** Records for this exercise follows **

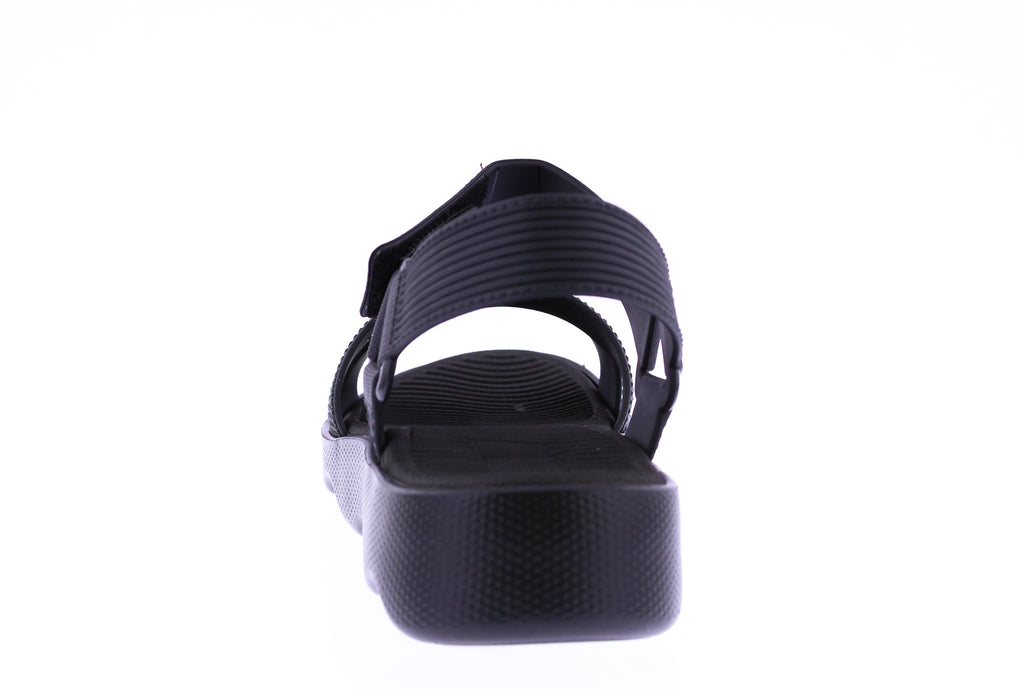Women Embossed Sandal with Velcro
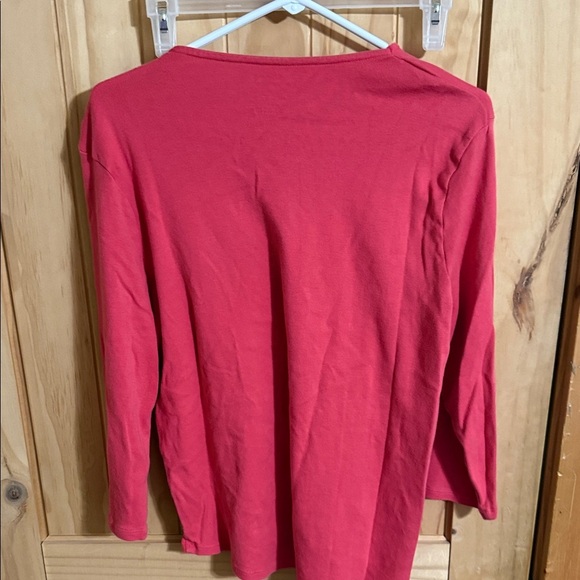 Chico's Women’s Vibrant Red Crew Neck Top - Picture 3 of 3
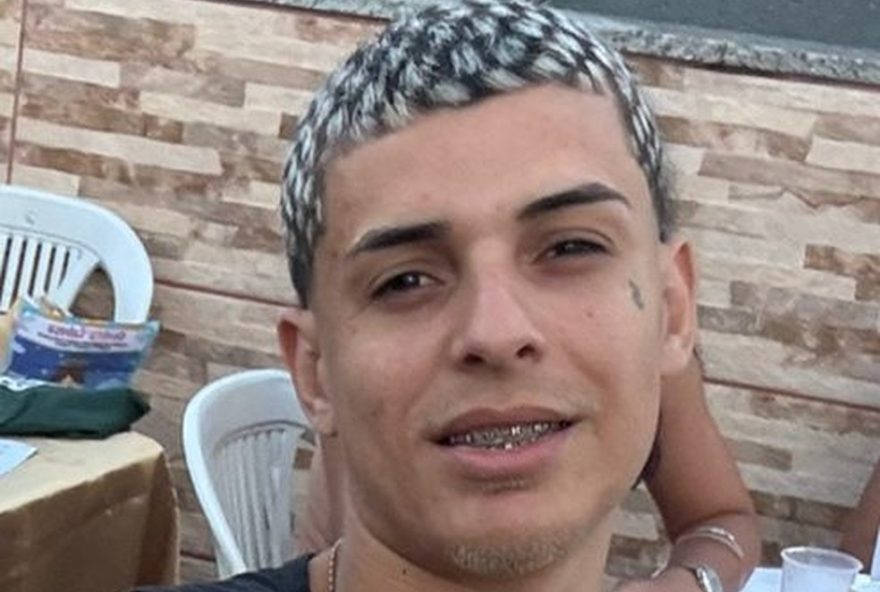 homem-morre-baleado-por-policial-no-chapadao3A-familia-clama-por-justica homem-morre-baleado-por-policial-no-chapadao3A-familia-clama-por-justica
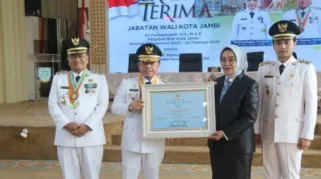 SERTIJAB WALI KOTA - Gubernur Al Haris Perkuat Sinergi dengan Pemerintah Kota Jambi, Senin (3/3/2025) pagi.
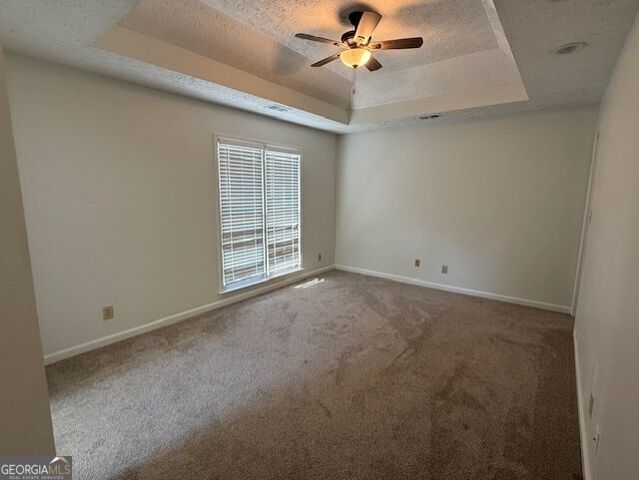 35 Chatsworth Circle, Newnan, GA 30265
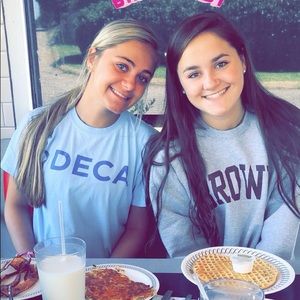 Meet your Posher, Avery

** End of Records for this exercise **

◆ **Brief**: Having found the line with "Chico's Women’s Vibrant" and the line with "SERTIJAB WALI KOTA" in the material above, write out exactly those two and every line between, leaving the pictures out.

◆ **Answer to the exercise**:
 Chico's Women’s Vibrant Red Crew Neck Top - Picture 3 of 3
 homem-morre-baleado-por-policial-no-chapadao3A-familia-clama-por-justica homem-morre-baleado-por-policial-no-chapadao3A-familia-clama-por-justica
 SERTIJAB WALI KOTA - Gubernur Al Haris Perkuat Sinergi dengan Pemerintah Kota Jambi, Senin (3/3/2025) pagi.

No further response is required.